European Schools

The European Schools, aimed primarily for children of staff of the European Institutions, are official educational institutions established jointly by the governments of the Member States of the European Union.

 

They are legally regarded as public teaching institutions in all of these countries.

The mission of the European Schools is to provide a multilingual and multicultural education for Early Education, Primary and Secondary level pupils.

The European Schools follow a specific curriculum, supervised by the Inspectorate of Education of the European Schools, and the studies culminate in the European Baccalaureate exams assessing the subjects taught in years 6 and 7 in Secondary.

The European Baccalaureate is a designation that belongs solely to the European Schools.

There are currently 13 European Schools in 6 member countries:

Luxembourg

Luxembourg I (Kirchberg)

Luxembourg II (Mamer)

Belgium

Brussels I (Uccle+Berkendael)

Brussels II (Woluwé)

Brussels III (Ixelles)

Brussels IV (Laeken)

Mol

Germany

Frankfurt

Karlsruhe

Munich

Italy

Varese

Netherlands

Bergen N.H.

Spain

Alicante


The words which express the essential aims of the European Schools are…

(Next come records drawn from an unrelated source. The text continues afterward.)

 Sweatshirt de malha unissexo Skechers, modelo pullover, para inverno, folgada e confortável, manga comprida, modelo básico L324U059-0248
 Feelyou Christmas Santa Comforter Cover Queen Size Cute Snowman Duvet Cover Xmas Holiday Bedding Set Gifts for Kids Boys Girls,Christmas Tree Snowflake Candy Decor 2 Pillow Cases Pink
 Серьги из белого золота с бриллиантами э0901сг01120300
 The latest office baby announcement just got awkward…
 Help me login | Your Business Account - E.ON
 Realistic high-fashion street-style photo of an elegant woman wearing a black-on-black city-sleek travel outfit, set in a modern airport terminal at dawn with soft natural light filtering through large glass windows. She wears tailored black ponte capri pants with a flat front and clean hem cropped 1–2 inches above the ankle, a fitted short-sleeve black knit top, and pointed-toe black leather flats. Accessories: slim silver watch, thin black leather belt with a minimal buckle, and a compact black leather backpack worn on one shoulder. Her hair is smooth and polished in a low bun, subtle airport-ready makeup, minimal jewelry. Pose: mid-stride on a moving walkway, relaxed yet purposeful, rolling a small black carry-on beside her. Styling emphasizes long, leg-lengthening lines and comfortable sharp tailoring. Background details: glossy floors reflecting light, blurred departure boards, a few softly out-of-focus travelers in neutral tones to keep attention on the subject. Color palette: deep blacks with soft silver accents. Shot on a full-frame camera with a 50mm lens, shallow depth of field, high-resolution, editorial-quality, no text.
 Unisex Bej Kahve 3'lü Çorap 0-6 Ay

“Educated side by side, untroubled from infancy by divisive prejudices, acquainted with all that is great and good in the different cultures, it will be borne in upon them as they mature that they belong together. Without ceasing to look to their own lands with love and pride, they will become in mind Europeans, schooled and ready to complete and consolidate the work of their fathers before them, to bring into being a united and thriving Europe.”